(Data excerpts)
◇ ◇ ◇ ◇

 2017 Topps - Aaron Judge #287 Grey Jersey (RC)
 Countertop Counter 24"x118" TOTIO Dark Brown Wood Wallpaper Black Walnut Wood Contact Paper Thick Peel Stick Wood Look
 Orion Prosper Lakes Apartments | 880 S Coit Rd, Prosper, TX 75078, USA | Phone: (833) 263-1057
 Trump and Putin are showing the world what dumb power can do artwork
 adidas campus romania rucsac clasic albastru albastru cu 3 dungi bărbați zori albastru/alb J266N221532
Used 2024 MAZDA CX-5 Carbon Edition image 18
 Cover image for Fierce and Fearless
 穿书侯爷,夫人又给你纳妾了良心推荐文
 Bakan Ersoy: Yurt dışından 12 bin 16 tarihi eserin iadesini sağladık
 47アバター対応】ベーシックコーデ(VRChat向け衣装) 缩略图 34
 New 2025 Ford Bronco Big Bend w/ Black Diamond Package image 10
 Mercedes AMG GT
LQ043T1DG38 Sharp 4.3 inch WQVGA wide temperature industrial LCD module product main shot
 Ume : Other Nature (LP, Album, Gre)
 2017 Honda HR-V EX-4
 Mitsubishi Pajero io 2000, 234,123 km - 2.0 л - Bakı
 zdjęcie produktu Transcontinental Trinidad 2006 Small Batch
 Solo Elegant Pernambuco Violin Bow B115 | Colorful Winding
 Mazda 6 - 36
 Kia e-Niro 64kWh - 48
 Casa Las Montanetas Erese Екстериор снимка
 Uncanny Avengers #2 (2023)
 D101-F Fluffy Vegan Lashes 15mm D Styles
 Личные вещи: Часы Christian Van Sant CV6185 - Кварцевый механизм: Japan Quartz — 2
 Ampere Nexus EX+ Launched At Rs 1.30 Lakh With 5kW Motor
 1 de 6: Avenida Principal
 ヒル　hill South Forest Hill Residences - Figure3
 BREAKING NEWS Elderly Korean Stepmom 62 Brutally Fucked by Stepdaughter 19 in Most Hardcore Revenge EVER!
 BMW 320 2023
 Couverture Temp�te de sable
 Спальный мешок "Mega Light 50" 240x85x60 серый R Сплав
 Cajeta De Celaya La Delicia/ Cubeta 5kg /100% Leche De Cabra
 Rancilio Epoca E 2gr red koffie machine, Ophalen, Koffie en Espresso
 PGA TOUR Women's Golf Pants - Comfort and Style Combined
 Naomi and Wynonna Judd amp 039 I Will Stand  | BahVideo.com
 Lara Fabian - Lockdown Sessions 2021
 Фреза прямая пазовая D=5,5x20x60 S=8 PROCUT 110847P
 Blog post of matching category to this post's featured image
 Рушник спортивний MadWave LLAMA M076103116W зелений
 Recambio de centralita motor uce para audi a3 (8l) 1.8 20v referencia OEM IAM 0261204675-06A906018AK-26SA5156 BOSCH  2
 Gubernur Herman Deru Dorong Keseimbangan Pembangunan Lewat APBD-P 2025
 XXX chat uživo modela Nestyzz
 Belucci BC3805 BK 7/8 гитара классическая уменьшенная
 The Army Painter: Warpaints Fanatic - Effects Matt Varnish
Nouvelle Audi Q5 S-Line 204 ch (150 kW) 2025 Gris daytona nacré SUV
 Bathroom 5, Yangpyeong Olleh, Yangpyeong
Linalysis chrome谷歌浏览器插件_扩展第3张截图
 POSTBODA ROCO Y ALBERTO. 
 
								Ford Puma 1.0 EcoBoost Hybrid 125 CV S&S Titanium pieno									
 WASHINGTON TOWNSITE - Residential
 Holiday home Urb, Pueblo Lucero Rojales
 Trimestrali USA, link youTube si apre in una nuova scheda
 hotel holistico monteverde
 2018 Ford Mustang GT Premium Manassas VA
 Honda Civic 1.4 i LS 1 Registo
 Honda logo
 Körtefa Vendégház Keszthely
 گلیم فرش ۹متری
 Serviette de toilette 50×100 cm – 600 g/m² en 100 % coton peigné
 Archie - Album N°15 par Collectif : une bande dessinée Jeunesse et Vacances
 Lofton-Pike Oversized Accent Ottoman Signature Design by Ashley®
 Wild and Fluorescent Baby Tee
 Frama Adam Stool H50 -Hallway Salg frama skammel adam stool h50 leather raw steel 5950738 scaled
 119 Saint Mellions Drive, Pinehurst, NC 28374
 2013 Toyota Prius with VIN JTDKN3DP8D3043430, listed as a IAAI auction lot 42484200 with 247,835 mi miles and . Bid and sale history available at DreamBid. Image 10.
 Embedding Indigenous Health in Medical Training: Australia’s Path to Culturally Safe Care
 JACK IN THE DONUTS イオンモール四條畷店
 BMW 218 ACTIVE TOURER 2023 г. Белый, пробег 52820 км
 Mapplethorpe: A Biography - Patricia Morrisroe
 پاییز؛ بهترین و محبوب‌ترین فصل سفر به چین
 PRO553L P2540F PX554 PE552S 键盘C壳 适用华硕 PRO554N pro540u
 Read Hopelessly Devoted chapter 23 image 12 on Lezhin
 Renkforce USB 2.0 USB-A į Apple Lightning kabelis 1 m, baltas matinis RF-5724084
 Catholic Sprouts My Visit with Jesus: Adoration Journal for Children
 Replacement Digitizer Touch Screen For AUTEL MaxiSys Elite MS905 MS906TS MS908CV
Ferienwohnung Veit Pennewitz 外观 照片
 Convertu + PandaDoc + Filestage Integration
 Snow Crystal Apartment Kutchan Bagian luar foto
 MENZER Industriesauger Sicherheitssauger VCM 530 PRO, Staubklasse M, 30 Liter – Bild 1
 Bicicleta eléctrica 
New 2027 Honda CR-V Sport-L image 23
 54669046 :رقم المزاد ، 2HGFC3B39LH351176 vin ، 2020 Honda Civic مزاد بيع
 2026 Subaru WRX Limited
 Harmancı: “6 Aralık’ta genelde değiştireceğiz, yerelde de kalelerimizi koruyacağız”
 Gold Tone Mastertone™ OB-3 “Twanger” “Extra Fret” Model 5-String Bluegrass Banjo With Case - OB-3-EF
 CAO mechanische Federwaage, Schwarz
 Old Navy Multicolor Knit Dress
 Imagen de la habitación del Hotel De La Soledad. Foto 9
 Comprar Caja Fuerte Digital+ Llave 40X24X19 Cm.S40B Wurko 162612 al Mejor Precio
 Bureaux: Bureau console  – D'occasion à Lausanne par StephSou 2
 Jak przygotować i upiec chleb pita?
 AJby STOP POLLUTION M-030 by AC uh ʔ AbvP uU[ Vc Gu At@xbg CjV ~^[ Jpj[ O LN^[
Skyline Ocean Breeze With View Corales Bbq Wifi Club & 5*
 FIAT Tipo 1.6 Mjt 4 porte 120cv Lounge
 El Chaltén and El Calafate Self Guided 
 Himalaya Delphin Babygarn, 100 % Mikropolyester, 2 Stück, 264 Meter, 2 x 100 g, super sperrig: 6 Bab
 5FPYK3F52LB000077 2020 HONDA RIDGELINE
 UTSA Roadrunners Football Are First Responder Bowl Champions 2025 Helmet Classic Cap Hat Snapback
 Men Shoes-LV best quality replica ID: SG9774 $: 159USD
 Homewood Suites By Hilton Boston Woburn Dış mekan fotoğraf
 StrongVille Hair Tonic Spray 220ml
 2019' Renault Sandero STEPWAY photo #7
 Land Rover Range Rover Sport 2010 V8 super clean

◇ ◇ ◇ ◇

From the first line of the entries above to the line with "D101-F Fluffy Vegan Lashes 15mm D Styles", please return every line exactly, keeping both ends.

### Output for this exercise
 2017 Topps - Aaron Judge #287 Grey Jersey (RC)
 Countertop Counter 24"x118" TOTIO Dark Brown Wood Wallpaper Black Walnut Wood Contact Paper Thick Peel Stick Wood Look
 Orion Prosper Lakes Apartments | 880 S Coit Rd, Prosper, TX 75078, USA | Phone: (833) 263-1057
 Trump and Putin are showing the world what dumb power can do artwork
 adidas campus romania rucsac clasic albastru albastru cu 3 dungi bărbați zori albastru/alb J266N221532
Used 2024 MAZDA CX-5 Carbon Edition image 18
 Cover image for Fierce and Fearless
 穿书侯爷,夫人又给你纳妾了良心推荐文
 Bakan Ersoy: Yurt dışından 12 bin 16 tarihi eserin iadesini sağladık
 47アバター対応】ベーシックコーデ(VRChat向け衣装) 缩略图 34
 New 2025 Ford Bronco Big Bend w/ Black Diamond Package image 10
 Mercedes AMG GT
LQ043T1DG38 Sharp 4.3 inch WQVGA wide temperature industrial LCD module product main shot
 Ume : Other Nature (LP, Album, Gre)
 2017 Honda HR-V EX-4
 Mitsubishi Pajero io 2000, 234,123 km - 2.0 л - Bakı
 zdjęcie produktu Transcontinental Trinidad 2006 Small Batch
 Solo Elegant Pernambuco Violin Bow B115 | Colorful Winding
 Mazda 6 - 36
 Kia e-Niro 64kWh - 48
 Casa Las Montanetas Erese Екстериор снимка
 Uncanny Avengers #2 (2023)
 D101-F Fluffy Vegan Lashes 15mm D Styles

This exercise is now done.